ABD yeni Dışişleri Bakanı John Kerry, dün (24 Şubat) göreve başladıktan sonraki ilk ziyaretine başladı.

ABD Dışişleri Bakanlığı tarafından verilen bilgiye göre, Kerry, 24 Şubat'tan 6 Mart'a kadar sürecek 11 gün boyunca İngiltere, Almanya, Fransa, İtalya, Türkiye, Mısır, Suudi Arabistan,  Birleşik Arap Emirlikleri ve Katar olmak üzere Avrupa ve Ortadoğu'daki dokuz ülkeyi ziyaret edecek. İngiltere'nin Kerry ziyaretinin ilk durağı olarak tespit edilmesi, ABD ile İngiltere arasında uzun geçmişe sahip ittifak ilişkisini gösteriyor. Bu, medyada Amerikan dış politikasının geleneksel çizgisine döndüğü tartışmalarına yol açtı.
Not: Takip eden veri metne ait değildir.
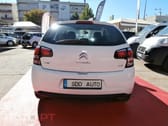 Citroen C3 1.6 BlueHDi Exclusive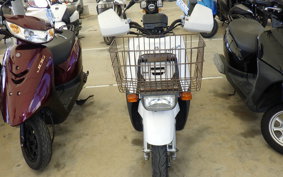 YAMAHA GEAR Gen.2 UA06J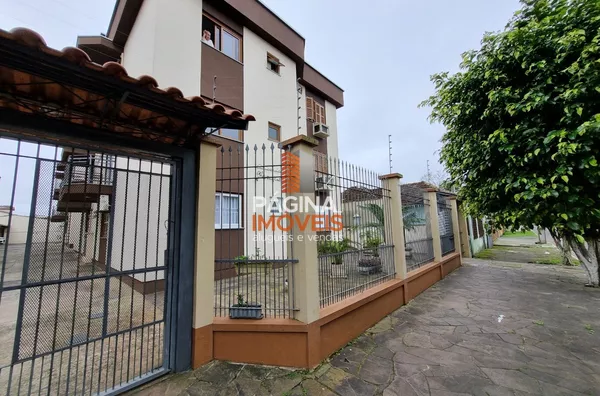 Página 1 Imóveis anuncia para venda e locação este belíssimo e amplo apartamento de 01 dormitório no bairro Nossa Sra. Das Graças em Canoas/RS. - Foto 2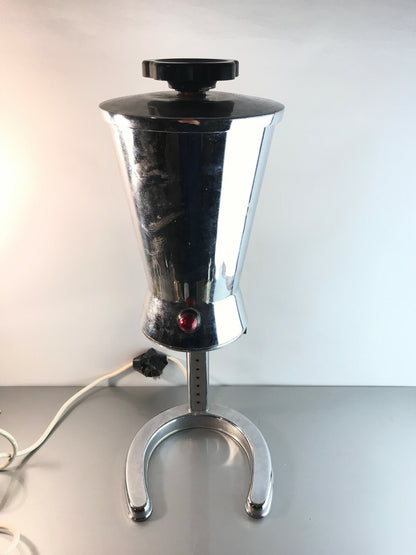 Espressomaschine Espressokocher  FN UNIPRESS Kaffeemaschine 60er 70er 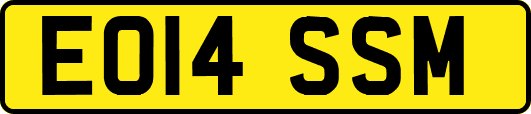 EO14SSM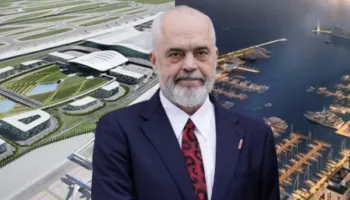 Nga Aeroporti tek Porti, katastrofat e Ramë strategjikut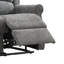 Constantino 2 Seater Electric Reclining Loveseat-963559005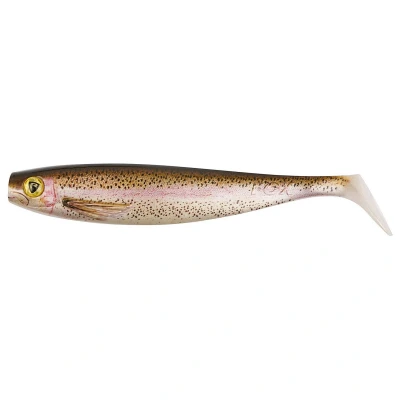 Afbeelding van Fox Rage Pro Shad Natural Classics 2 Super Finish 14cm Kleur : Rainbow Trout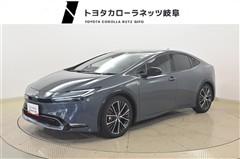 プリウス Z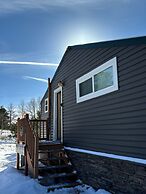 Perch Point- Hikers Dream Cabin Base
İkinci durak olan Almanya, Kerry'nin diplomasi hayatı açısından anlam taşıyor. İkinci Dünya Savaşı'ndan sonra, 12 yaşındaki Kerry, diplomat olarak çalışan babasıyla Berlin'de yaşamaya başladı.
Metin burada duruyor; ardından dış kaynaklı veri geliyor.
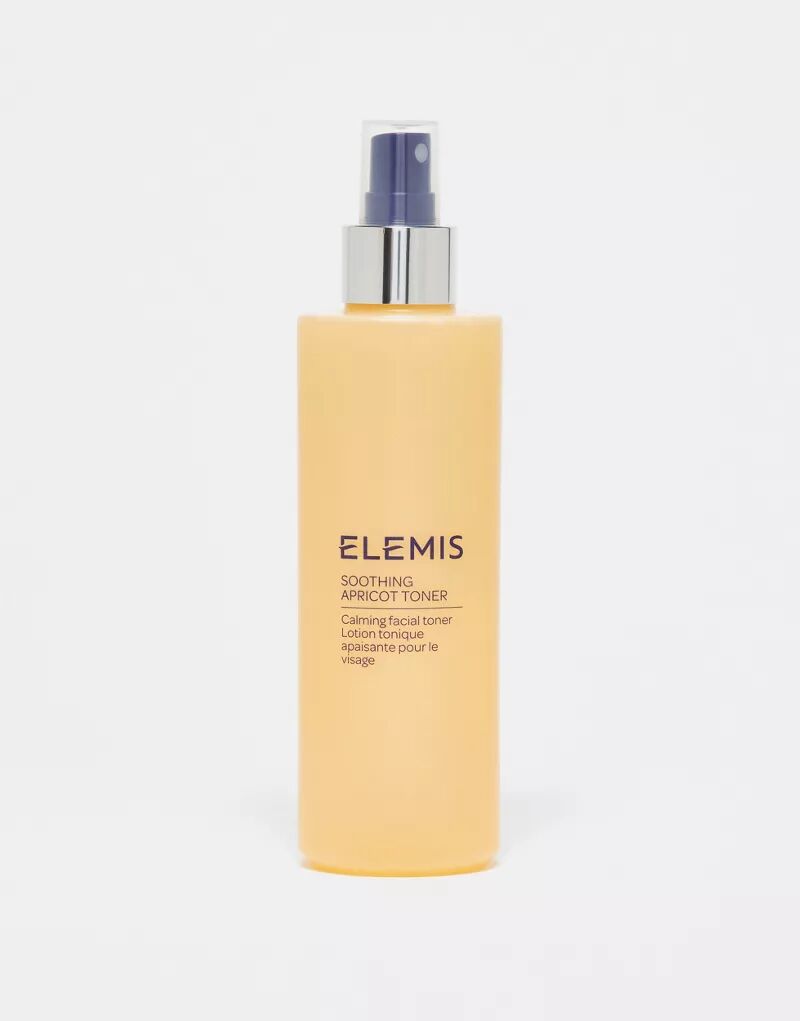 Elemis – Успокаивающий тоник для лица с абрикосом 200мл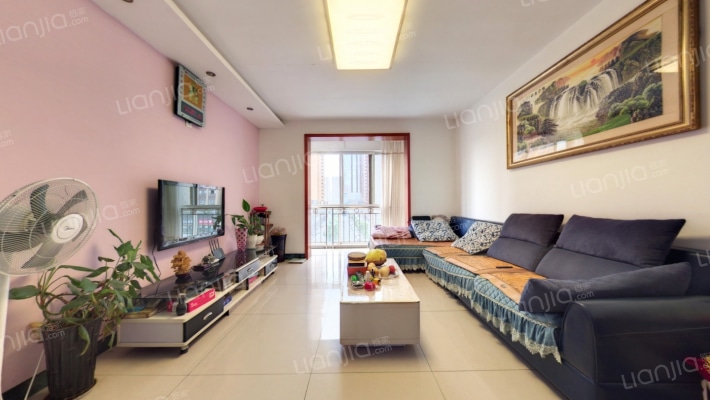 桃都印象二手房实景图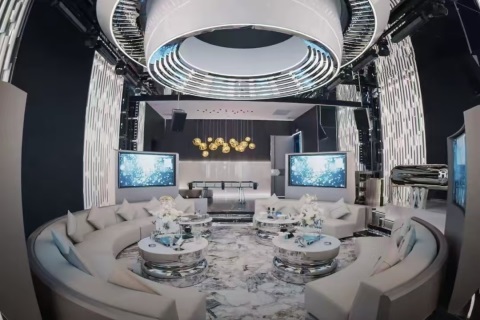 阳江大型夜场招聘，新人也可以和我们一起工作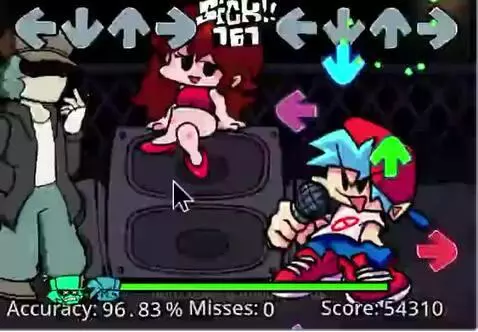 Video by gameingtwins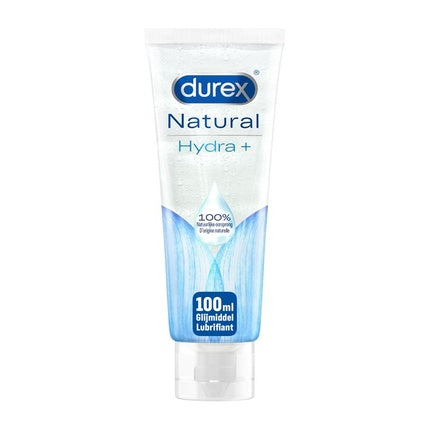 Durex Natural Lubricant Hydrating Personal Care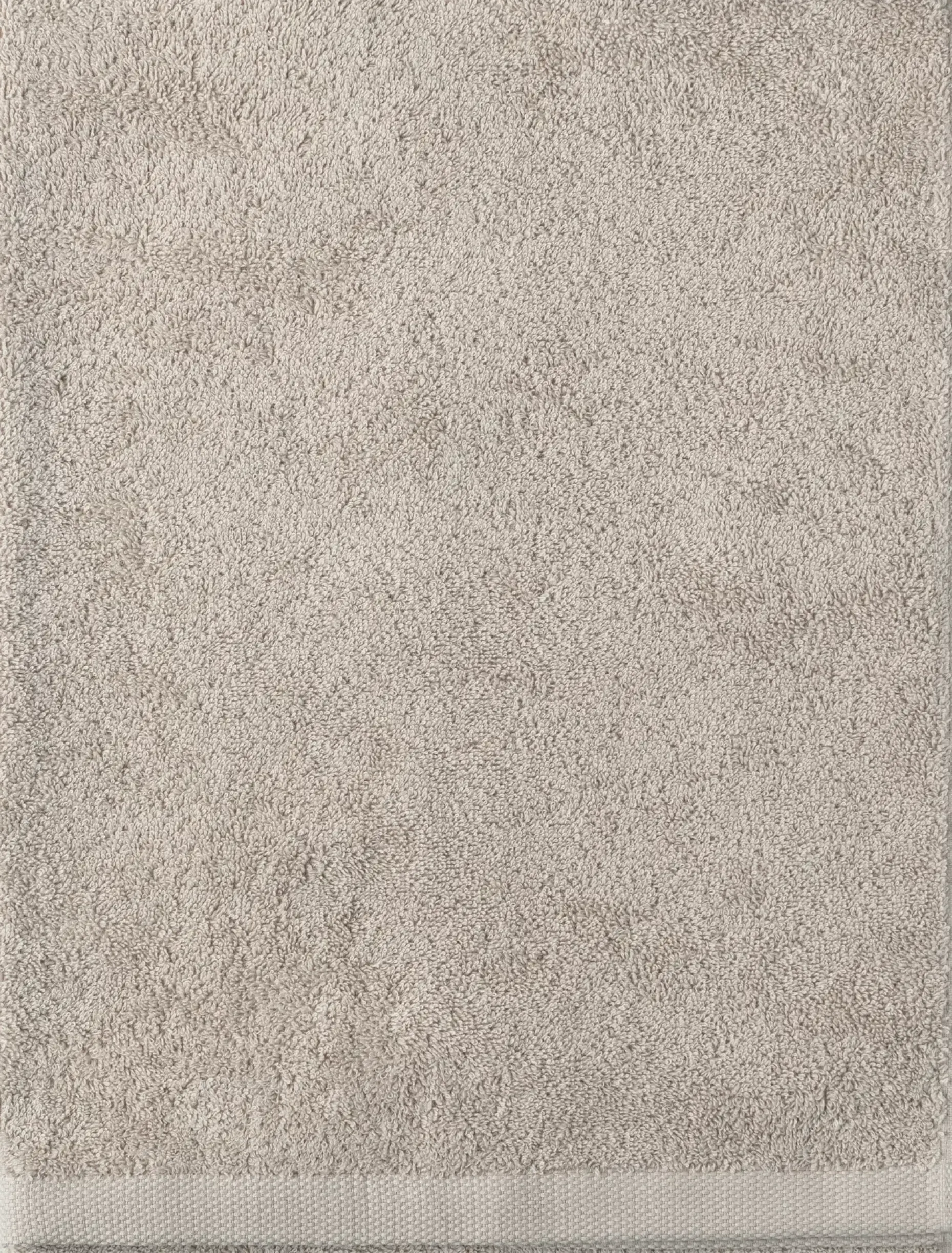 in Bloom Ocean kylpypyyhe 70x140cm beige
Kerry, Fransa'da ise Mali'de yaşanan savaşı ele alacak. İtalya ziyareti sırasında Kerry, Avrupa Birliği'nden üst düzey yetkililerle Suriye sorununu görüşerek, Suriye'nin muhalif liderleriyle bir araya gelecek. Basında, Suriye sorununun Kerry ziyaretinin en önemli gündem maddelerinden biri olacağı görüşü hakim. Bunun yanı sıra, Arap dünyasındaki büyük devrim de Kerry'nin ziyaret gündeminde yer alıyor. Reuters tarafından verilen habere göre, Kerry'nin Ortadoğu ziyareti şöyle bir gerçeği kanıtladı: ABD, kendi yardımıyla başlatılan "Arap Baharı"nda "siyasi nitelikteki değişim" yaşanmakta olduğundan ve aşırı güçlerin "devrim meyveleri"ni toplamaya başladığından kaygı duyuyor. ABD, bu fırsatla "devrim ve reformun doğru yöne girmesini"ni istiyor ve Ortadoğu ülkelerini "daha büyük cesaretle siyasi ve sosyal reform" yapmaya teşvik ediyor.

Suriye sorunu iki yıldır sürüyor. Birleşmiş Milletler'in verilerine göre, Suriye krizinde 70 bin kişi hayatını kaybetti. Bazı gözlemciler, ABD'nin dış politikasında değişiklik yapacağı tahmininde bulunuyor. Ancak ABD'nin önemli düşünce kuruluşu Uluslararası Stratejik Araştırmalar Merkezi'nden üst düzey araştırmacı Jon Alterman, bundan şüphe duyuyor. Alterman, Kerry'nin ziyaretinin, çeşitli taraflarla olan ilişkileri daha da sıkılaştırarak, gelecekte olası sorunları çözmek için kendisine daha fazla tercih sağlamayı amaçladığını söyledi.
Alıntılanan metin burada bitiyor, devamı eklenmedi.